━━ Data excerpts ━━

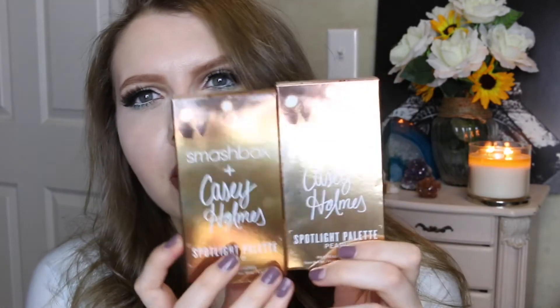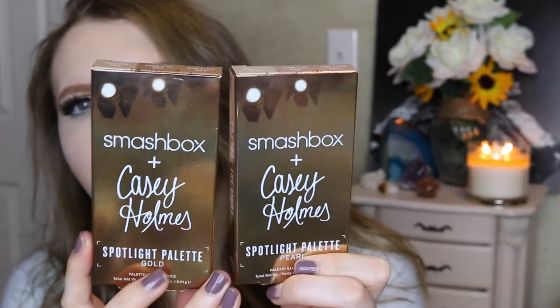My mama loves her highlighters! So I did get both of them. This is what the box packaging looks like, and they have the exact same names — it's just one is pearl and one is gold. The pearl is for lighter skin tones, the gold is for medium to deeper skin tones. They each have the same three shade names — Turn It On, Crank It Up, and Blow a Fuse — just with 'pearl' or 'gold' underneath.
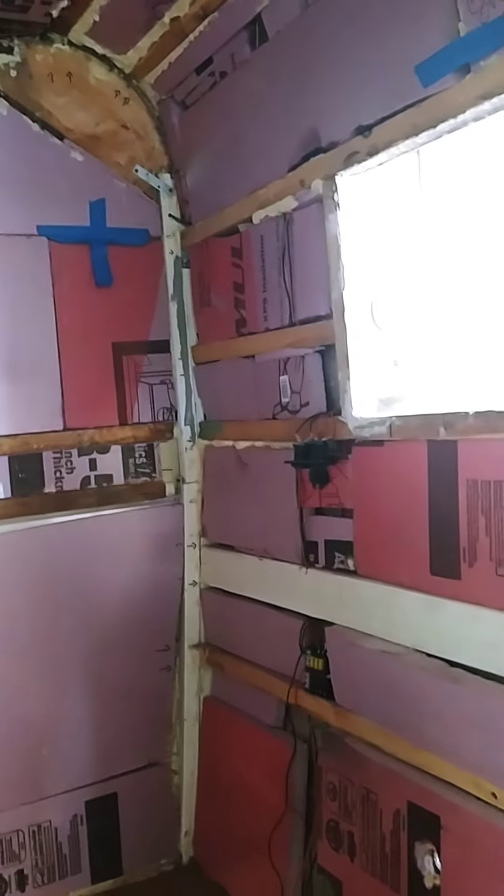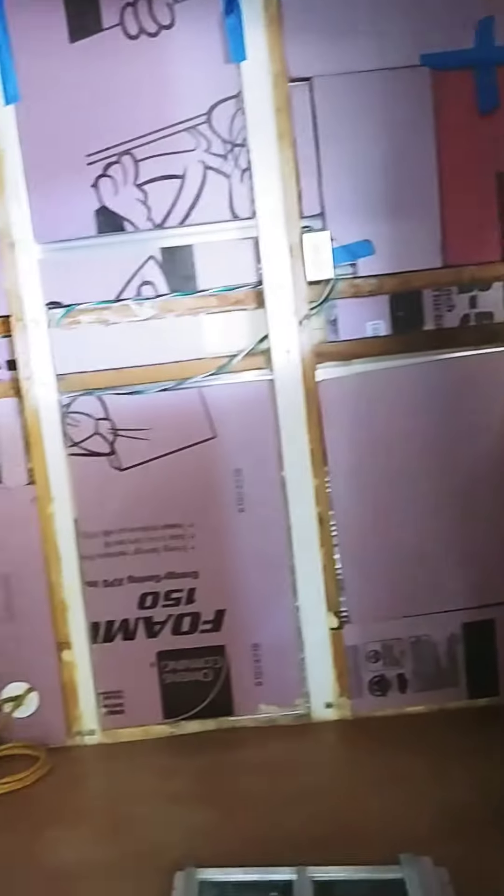Most of the cables are run through holes we drilled through the wood, so we should be good on that. We also put underlayment on the floor.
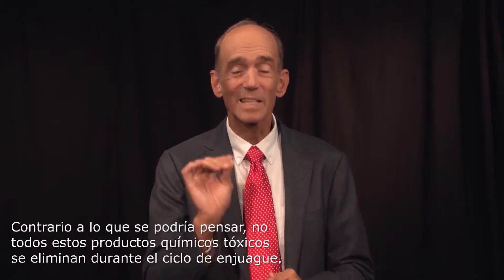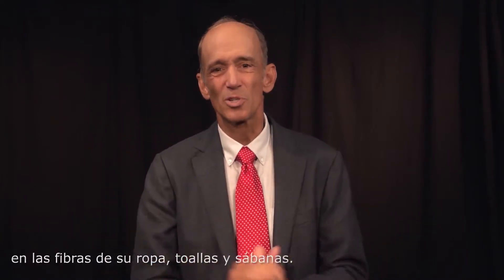Contrary to what you might think, these toxic chemicals don't all wash out in your rinse cycle. These potential carcinogens, toxic chemicals, dyes, and artificial fragrances can remain embedded in the fibers of your clothes, towels, and sheets.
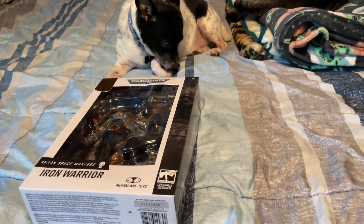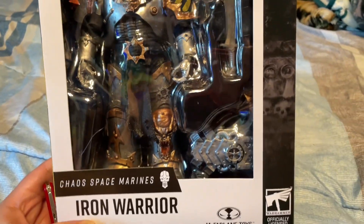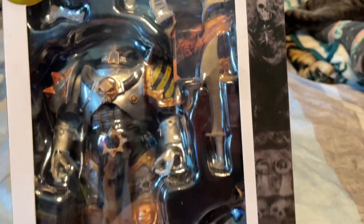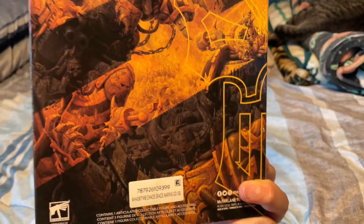Hello and welcome back to Arty's Toy Box. Today we're gonna unbox Warhammer 40K Gold Label by McFarlane — Chaos Space Marine Iron Warrior. It looks pretty sweet, let's get this bad boy out of the box and look at it in all its glory. That is pretty sweet.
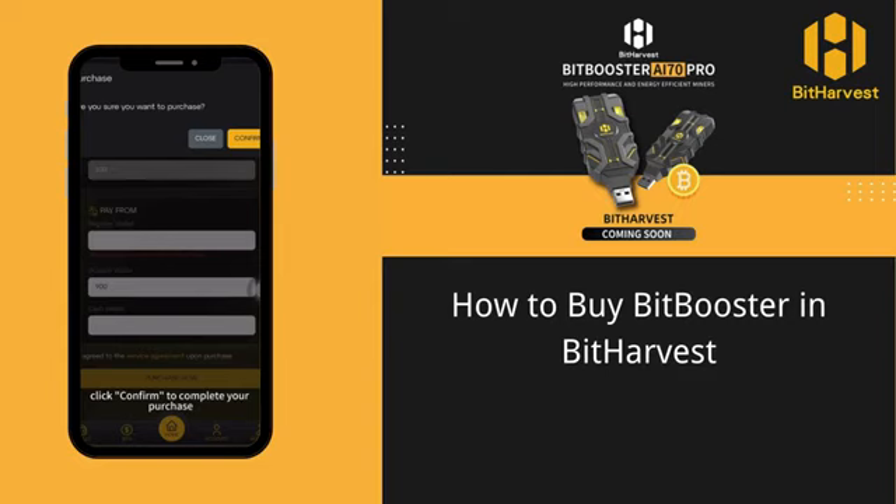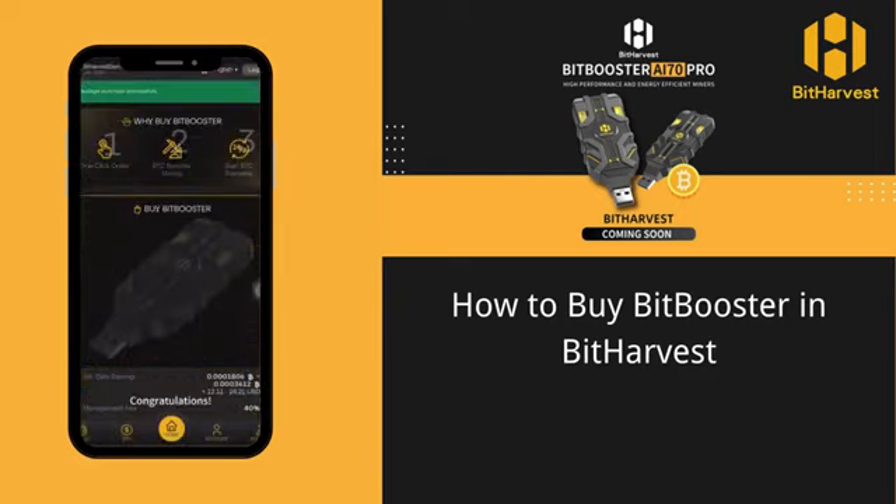Finally, click Confirm to complete your purchase. Congratulations! You have successfully purchased BitBooster.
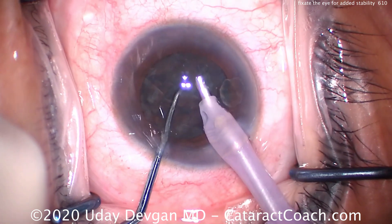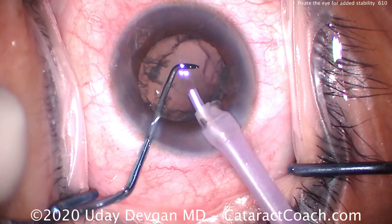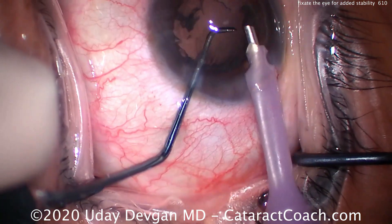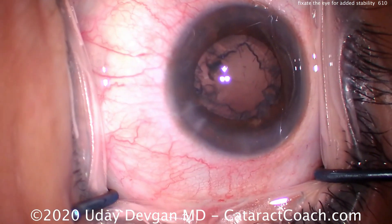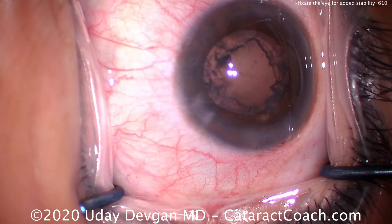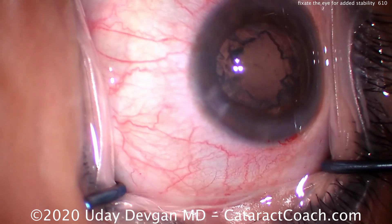The reason is we're resting our hands against the patient's face. Any movement, we move with the patient, and then we also retract the instruments. When you have that sudden jerky movement from the patient, especially with the phacoprobe, get the instruments out of the eye. By retracting those instruments, we were able to prevent any problems from that sudden movement by the patient.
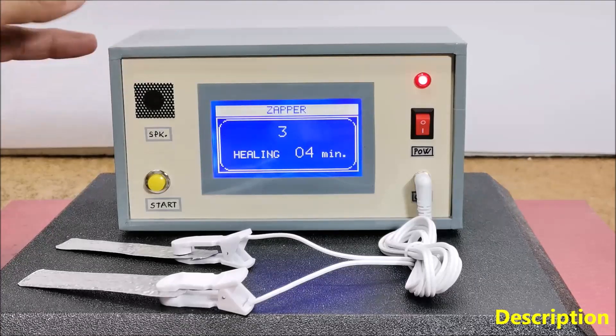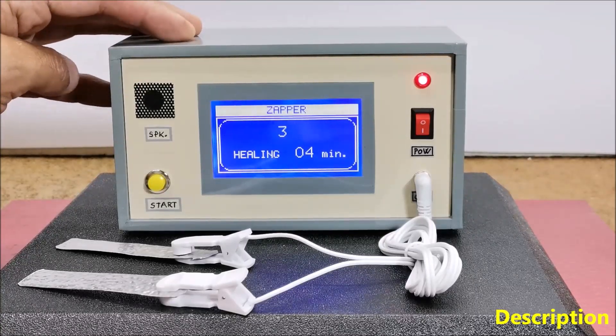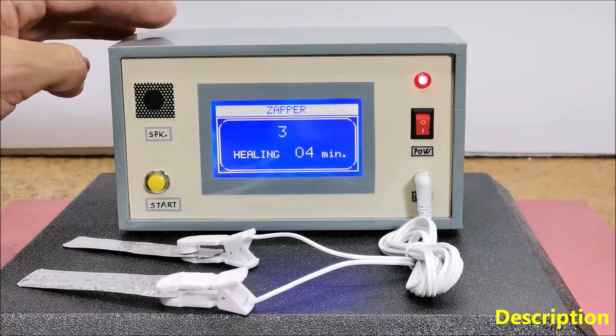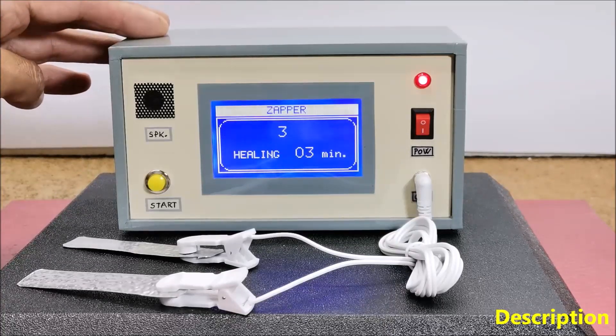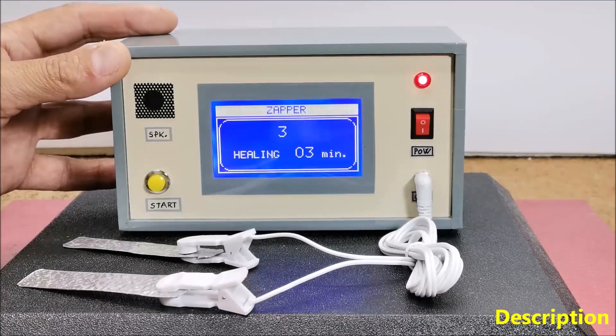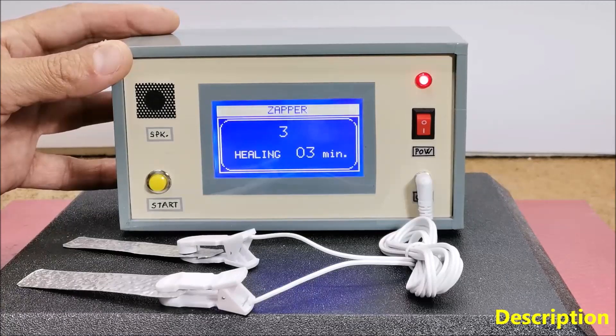The device typically consists of a 9V battery, a pulse generator circuit, and two metal handles or electrodes which users hold in their hands or place on different parts of the body. The original Zapper consists of a 555 timer integrated circuit, an NPN transistor, and a few resistors and capacitors.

━━━

Would you copy out the data exactly, leaving every picture out?

My mama loves her highlighters! So I did get both of them. This is what the box packaging looks like, and they have the exact same names — it's just one is pearl and one is gold. The pearl is for lighter skin tones, the gold is for medium to deeper skin tones. They each have the same three shade names — Turn It On, Crank It Up, and Blow a Fuse — just with 'pearl' or 'gold' underneath.
Most of the cables are run through holes we drilled through the wood, so we should be good on that. We also put underlayment on the floor.
Contrary to what you might think, these toxic chemicals don't all wash out in your rinse cycle. These potential carcinogens, toxic chemicals, dyes, and artificial fragrances can remain embedded in the fibers of your clothes, towels, and sheets.
Hello and welcome back to Arty's Toy Box. Today we're gonna unbox Warhammer 40K Gold Label by McFarlane — Chaos Space Marine Iron Warrior. It looks pretty sweet, let's get this bad boy out of the box and look at it in all its glory. That is pretty sweet.
Finally, click Confirm to complete your purchase. Congratulations! You have successfully purchased BitBooster.
The reason is we're resting our hands against the patient's face. Any movement, we move with the patient, and then we also retract the instruments. When you have that sudden jerky movement from the patient, especially with the phacoprobe, get the instruments out of the eye. By retracting those instruments, we were able to prevent any problems from that sudden movement by the patient.
The device typically consists of a 9V battery, a pulse generator circuit, and two metal handles or electrodes which users hold in their hands or place on different parts of the body. The original Zapper consists of a 555 timer integrated circuit, an NPN transistor, and a few resistors and capacitors.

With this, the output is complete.